Open science accelerates discoveries. Say I have an idea for an Alzheimer’s drug. Maybe it doesn’t work, but when we do the experiment out in the open, we can see why it doesn’t work. Then other scientists and other labs in other countries don’t have to do the same experiment — and the money that would have been used to compete over one idea can now be distributed over 10 ideas.  We learn from them all. And, ultimately, the price of the drug reflects one failure rather than 10.

What’s your latest project?

We’ve just launched VIMI (the Viral Interruption Medicines Initiative), a non-profit whose mission is to ​develop the drug treatments urgently needed to fight COVID 19 and the next pandemic​. VIMI aims to develop 10 drugs ready to be tested in clinical trials as soon as the next pandemic hits. We’ve secured partnerships with universities in the United States and Europe, and with a non-profit affiliate called ​READDI (the Rapidly Emerging Antiviral Drug Development Initiative)​, which was formed to facilitate fundraising from American philanthropists.

We will operate under extreme open science principles: sharing research, no patents, not for profit.

This isn’t a new idea. We are copying shamelessly from other successful open- science pharmaceutical companies — like DNDi, the Drugs for Neglected Diseases Initiative, or Doctors without Borders’ Access Campaign, both of which are successful, open-science models of drug discovery for the developing world.

We need catalytic funding from governments, foundations, and other partners to make this a going concern.

Is open science a viable business model?

Yes. One viable option, for example, is to offer pharmaceutical companies a license to produce the new medications at a reasonable profit over cost.

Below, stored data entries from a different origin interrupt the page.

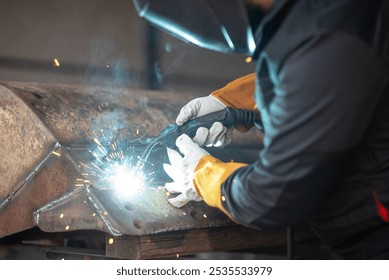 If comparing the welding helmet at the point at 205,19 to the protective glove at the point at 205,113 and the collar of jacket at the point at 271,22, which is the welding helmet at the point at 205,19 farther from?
the protective glove at the point at 205,113

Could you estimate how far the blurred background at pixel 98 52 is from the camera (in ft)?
11.3

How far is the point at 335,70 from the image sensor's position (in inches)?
44.6

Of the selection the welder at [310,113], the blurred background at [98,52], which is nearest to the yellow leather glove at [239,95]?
the welder at [310,113]

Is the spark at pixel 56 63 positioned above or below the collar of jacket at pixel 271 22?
above

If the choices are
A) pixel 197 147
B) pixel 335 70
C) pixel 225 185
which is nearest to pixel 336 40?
pixel 335 70

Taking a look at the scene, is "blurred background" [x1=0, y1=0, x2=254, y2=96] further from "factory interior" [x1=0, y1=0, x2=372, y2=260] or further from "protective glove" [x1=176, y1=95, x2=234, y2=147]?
"protective glove" [x1=176, y1=95, x2=234, y2=147]

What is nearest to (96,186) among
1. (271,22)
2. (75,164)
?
(75,164)

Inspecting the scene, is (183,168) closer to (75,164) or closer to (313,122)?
(75,164)

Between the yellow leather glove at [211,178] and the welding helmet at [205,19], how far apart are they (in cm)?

Naysayers will argue that an open-science model works only for neglected diseases, or diseases of developing countries, because clearly there’s no rational way for an investor to invest in those. But I argue that the market doesn’t work for any disease. It’s not working for Alzheimer’s, or Parkinson’s, or pediatric cancer, and I can just keep going.

And — as we can all see right now — the current system is not working in a pandemic. When we awake from the scope of COVID-19, we will realize that millions of people died in the developing world from this virus. Millions. And what poor countries cannot afford is what the world cannot afford. If Malawi, for example, does not strike out its COVID threat, it is going to come back. We need to think about global eradication, not local. And we need to do it now.